Re: [PATCH net-next v2] net: ctnetlink: support filtering by zone

From: Felix Huettner
Date: Fri Feb 02 2024 - 07:24:24 EST


On Fri, Feb 02, 2024 at 12:12:03PM +0100, Pablo Neira Ayuso wrote:
> On Fri, Feb 02, 2024 at 12:04:35PM +0100, Ilya Maximets wrote:
> > On 12/22/23 13:01, Pablo Neira Ayuso wrote:
> > > On Mon, Nov 27, 2023 at 11:49:16AM +0000, Felix Huettner wrote:
> > >> conntrack zones are heavily used by tools like openvswitch to run
> > >> multiple virtual "routers" on a single machine. In this context each
> > >> conntrack zone matches to a single router, thereby preventing
> > >> overlapping IPs from becoming issues.
> > >> In these systems it is common to operate on all conntrack entries of a
> > >> given zone, e.g. to delete them when a router is deleted. Previously this
> > >> required these tools to dump the full conntrack table and filter out the
> > >> relevant entries in userspace potentially causing performance issues.
> > >>
> > >> To do this we reuse the existing CTA_ZONE attribute. This was previous
> > >> parsed but not used during dump and flush requests. Now if CTA_ZONE is
> > >> set we filter these operations based on the provided zone.
> > >> However this means that users that previously passed CTA_ZONE will
> > >> experience a difference in functionality.
> > >>
> > >> Alternatively CTA_FILTER could have been used for the same
> > >> functionality.
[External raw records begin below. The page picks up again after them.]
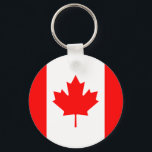 Porte-clés Canada Flag Keychain<br><div class="desc">Canadian Flag Keychain.</div>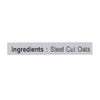 Nutriwish Premium Gluten-Free Steel Cut Oats 1kg - NutraC - Health &amp; Nutrition Store 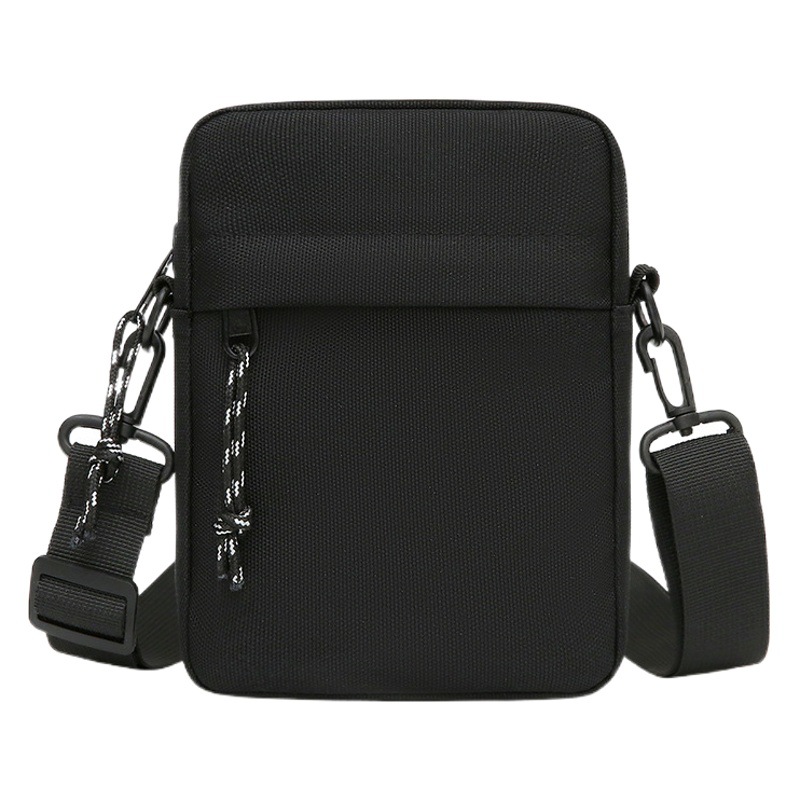 Simple Men's bag solid color cross-border foreign trade export zhuotian business casual shoulder bag crossbody bag lightweight mobile phone bag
However it is not yet supported during flush requests and
> > >> is only available when using AF_INET or AF_INET6.
> > >
> > > For the record, this is applied to nf-next.
> >
> > Hi, Felix and Pablo.
> >
> > I was looking through the code and the following part is bothering me:
> >
> > diff --git a/net/netfilter/nf_conntrack_netlink.c b/net/netfilter/nf_conntrack_netlink.c
> > index fb0ae15e96df..4e9133f61251 100644
> > --- a/net/netfilter/nf_conntrack_netlink.c
> > +++ b/net/netfilter/nf_conntrack_netlink.c
> > @@ -1148,6 +1149,10 @@ static int ctnetlink_filter_match(struct nf_conn *ct, void *data)
> > if (filter->family && nf_ct_l3num(ct) != filter->family)
> > goto ignore_entry;
> >
> > + if (filter->zone.id != NF_CT_DEFAULT_ZONE_ID &&
> > + !nf_ct_zone_equal_any(ct, &filter->zone))
> > + goto ignore_entry;
> > +
> > if (filter->orig_flags) {
> > tuple = nf_ct_tuple(ct, IP_CT_DIR_ORIGINAL);
> > if (!ctnetlink_filter_match_tuple(&filter->orig, tuple,
> >
> > If I'm reading that right, the default zone is always flushed, even if the
> > user requested to flush a different zone. I.e. the entry is never ignored
> > for a default zone. Is that correct or am I reading that wrong?
> >
> > If my observation is correct, then I don't think this functionality can
> > actually be used by applications as it does something unexpected.
>
> This needs a fix, the NF_CT_DEFAULT_ZONE_ID is used as a marker to
> indicate if the filtering by zone needs to happen or not.
>
> I'd suggest to add a boolean flag that specifies that zone filtering
> is set on.

Hi Pablo and Ilya,

thanks for finding that.
i will build a fix for that.